Older African Americans and college students with children disproportionately bear the burden of education debt, according to a pair of reports released this week that researchers say show the need for more nuanced solutions from higher education.
Americans over age 50 collectively hold $247 billion in outstanding federal education loans, an amount that has grown threefold since 2003, policy analysts at the Urban Institute found. The impact of that debt differs depending on whether borrowers took out the loan for themselves or for family members, according to a report released Thursday by the think tank.
Using Federal Reserve data, researchers found borrowers who took out loans to pay for their own education are more likely to be behind on payments or say they feel financially insecure compared with those who borrowed on behalf of relatives.
Socioeconomics play an important role, with wealthier people more likely to hold education debt for a child or grandchild. Only 2 percent of all older adults earning more than $100,000 a year hold debt for their own education, but 13 percent have loans tied to their children or grandchildren.
The researchers found older African Americans are three times as likely to hold education debt for themselves compared to their white counterparts.

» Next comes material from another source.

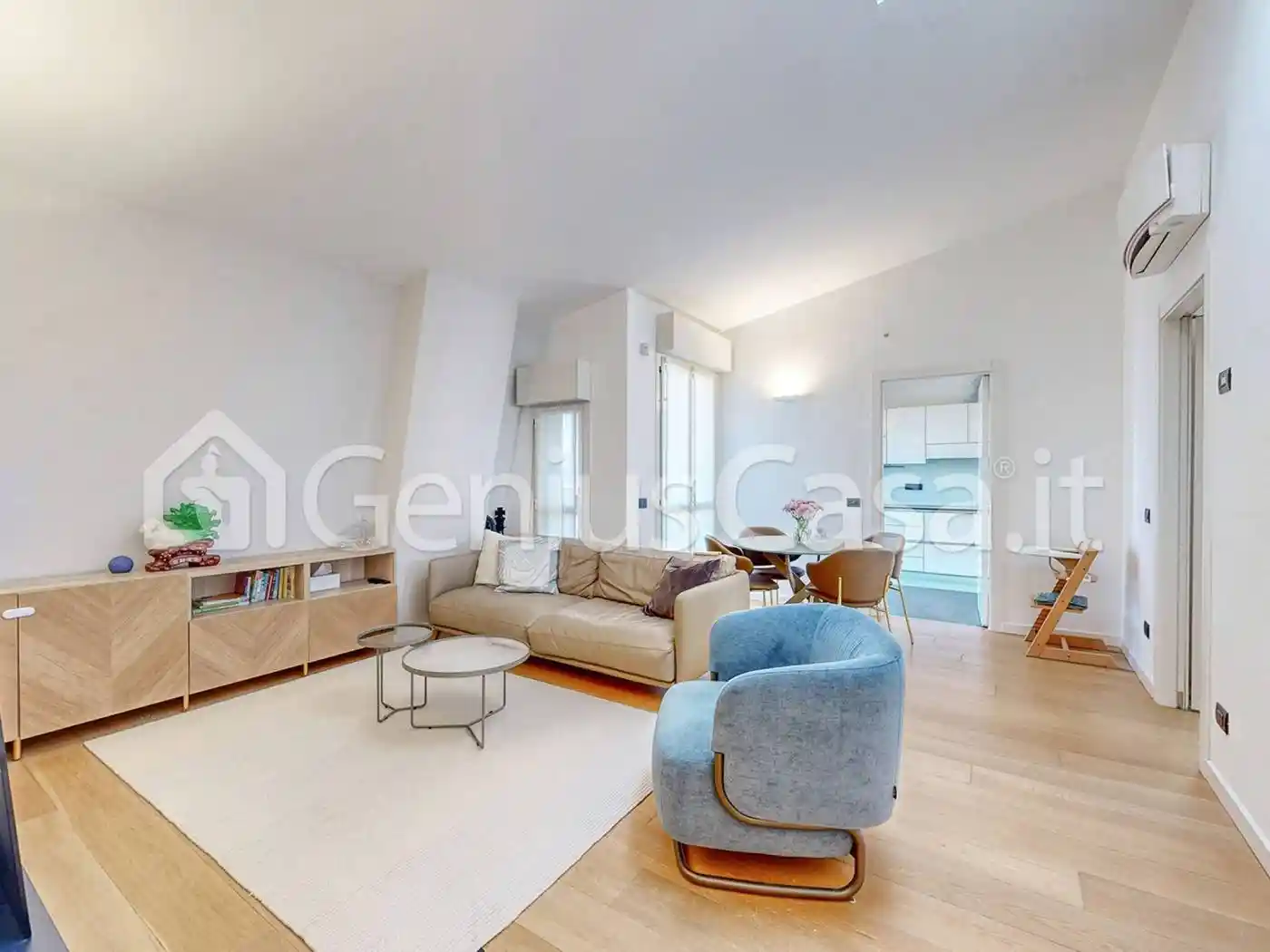 Appartamento in vendita a Milano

It is difficult to say exactly why this dichotomy exists, but Kristin Blagg, a research associate at the Urban Institute and co-author of the report, suspects persistent racial inequality is a contributing factor.
Demos, a liberal think tank, and the Institute on Assets and Social Policy at Brandeis University found African Americans are far more likely to have student debt, regardless of income. Black families, after decades of being shut out of traditional ladders of economic opportunity, have the fewest resources to cover the costs of college or to protect against the risk of borrowing.
Blagg points to a recent study from the Center for American Progress think tank showing nearly half of African American borrowers who started college in the 2003-2004 academic year defaulted within 12 years after entering school.
That study also found three-quarters of black borrowers who defaulted during that period dropped out of for-profit colleges. Black students have long filled the rosters at for-profit colleges, leaving Blagg to suspect that some of the debt held by older African Americans may be rooted in the popularity of such schools in the late 1980s and early 1990s.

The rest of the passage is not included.